Task
Copy word for word the lines of the records below, beginning at the one with "圖為生態(tài)環(huá" and finishing at the one with "Hilltop Farmhouse - Hot Tub Views & Fire Pit", ends included, but none of the pictures.

Records for the task
-----

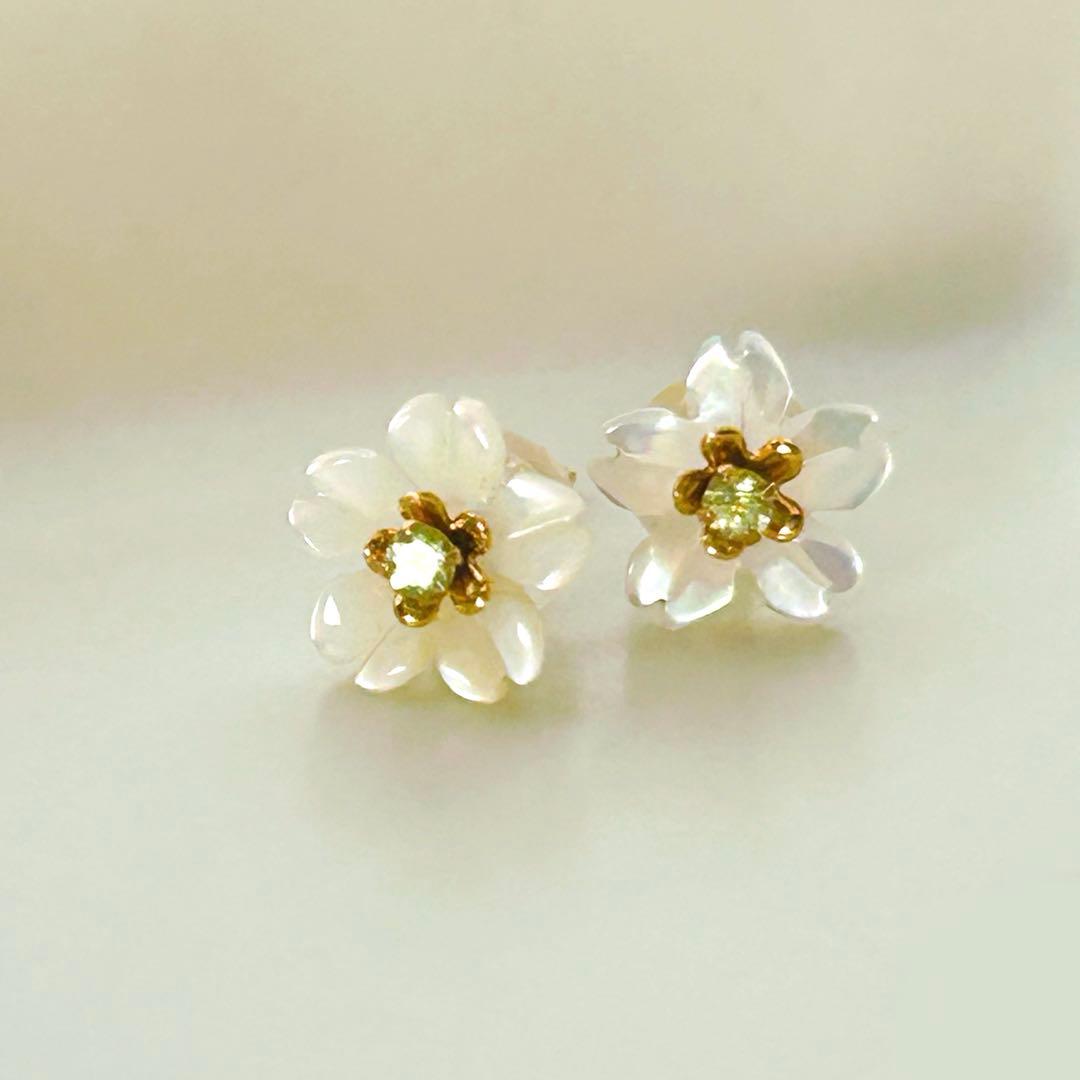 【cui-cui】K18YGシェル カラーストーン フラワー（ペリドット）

-----

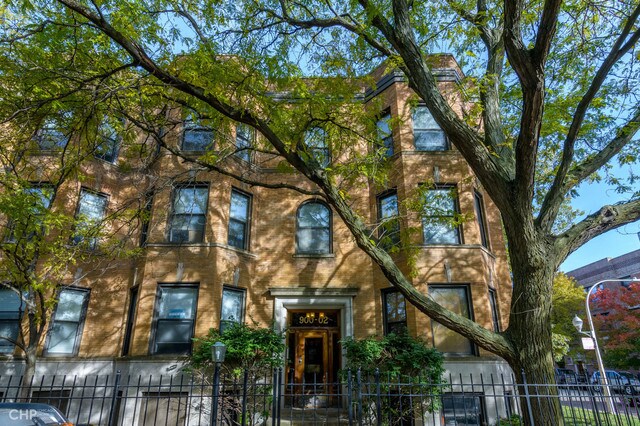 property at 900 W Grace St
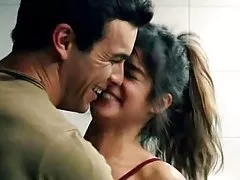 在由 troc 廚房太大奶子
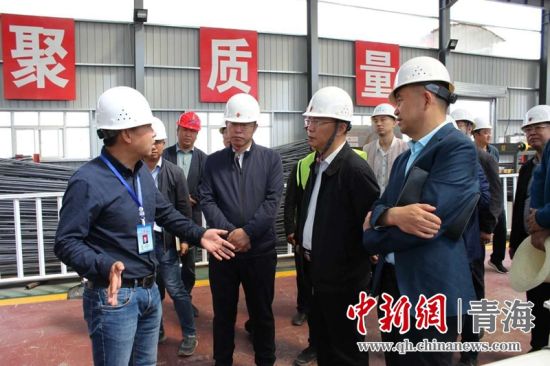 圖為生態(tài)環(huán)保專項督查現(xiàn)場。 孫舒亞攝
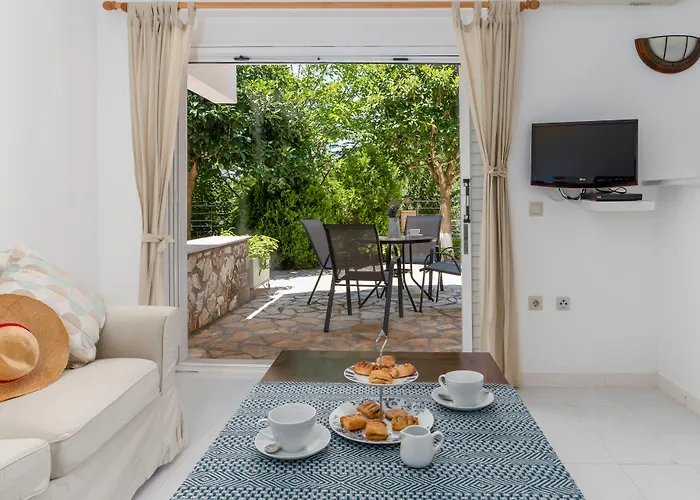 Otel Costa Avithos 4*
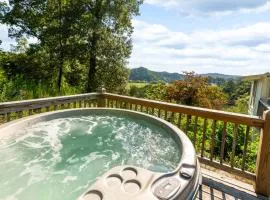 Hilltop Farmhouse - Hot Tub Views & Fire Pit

-----

Task result
 圖為生態(tài)環(huán)保專項督查現(xiàn)場。 孫舒亞攝
 Otel Costa Avithos 4*
 Hilltop Farmhouse - Hot Tub Views & Fire Pit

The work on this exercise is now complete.